Namun demikian sebuah pelajaran besar dari berbagai kesalahan itu kami dapat.
Bagaimana kami melihat ketahanan mental kami diuji untuk tetap berfikir
rasional dalam kondisi yang paling down sekalipun....
Berbagai kegagalan
kami memecahkan persoalan tidak membuat para pelatih menjadi ”tidak tega” dan
memberikan kunci jawaban. Bahkan mereka rela menunggu kami sepanjang 24 jam
hanya untuk memecahkan satu persoalan, sehingga dengan jawaban itu kami bisa
bergeser kembali ketempat berikutnya.
Begitu
menantangnya pelatihan ini bahkan dilaksanakan berpindah diberbagai alam yang
buas seperti Australia dan Nepal.
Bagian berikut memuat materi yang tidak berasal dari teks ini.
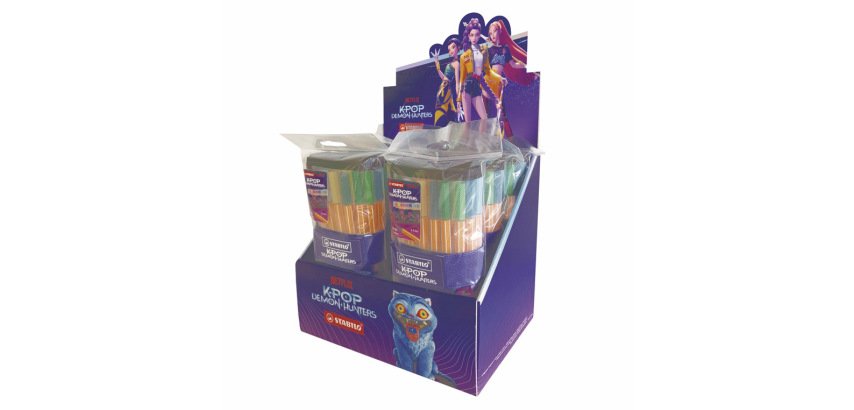 Rotulador stabilo point 88 punta de fibra k-pop estuche rollerset de 25 unidades colores surtidos
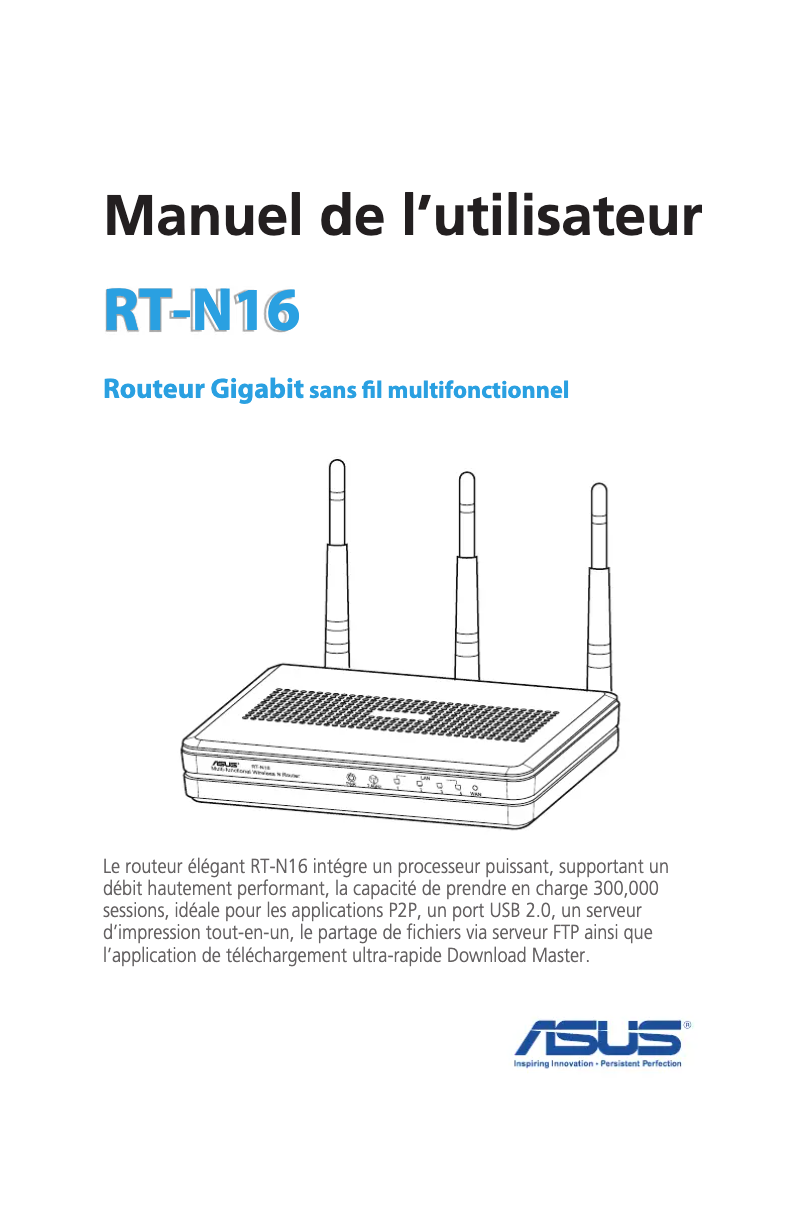 Page 1 of the manual User Manual Asus RT-N16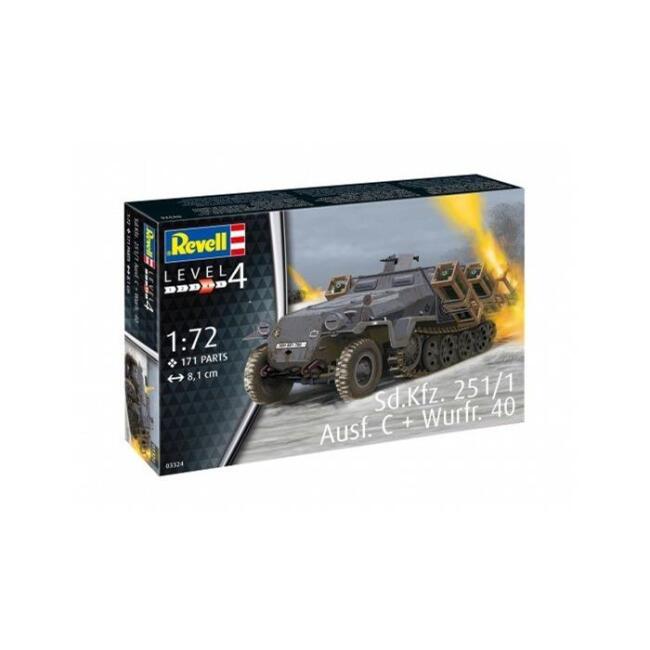 Revell Maket Askeri Araç N:03324 Sd. Kfz. Ausf C+ Wurfr. 40 - 6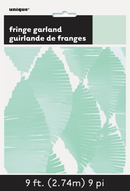 Fringe Garland 9ft Mint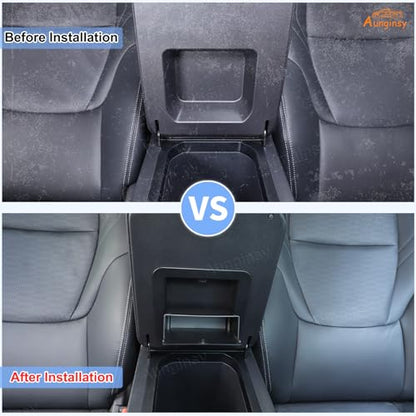 Car Armrest Hidden Storage Box Compatible with Toyota Land Cruiser 250 Prado J250 LC250 2024 2025 Car Center Console Handrail Privacy Storage Box Organizer Tray ABS Insert Pallet Manager Accessories (Black(C))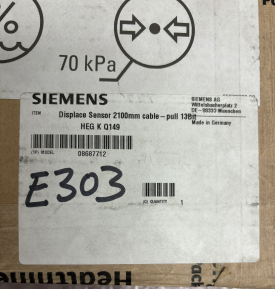 Displace Sensor 2100mm cable - pull 13Bit Siemens Axiom Luminos P/n 08687712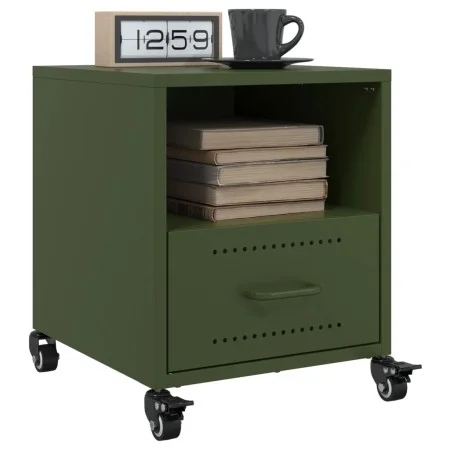 Nachttische, 2 Stück, Olivengrünes Stahl, 36x39x43,5 cm. von , Nachttische - Ref: Foro24-846713, Preis: 80,49 €, Rabatt: %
Pemerintah Singapura selalu mengirimkan para
middle manager nya yang akan menapaki jenjang karier berikutnya untuk mengikuti
pelatihan seperti ini, pelajaran mempelejari kegagalan..
Sahabat-sahabatku,,
Jangan pernah mengganggap
diri kita gagal,, apalagi menilai orang lain sebagai orang yang gagal...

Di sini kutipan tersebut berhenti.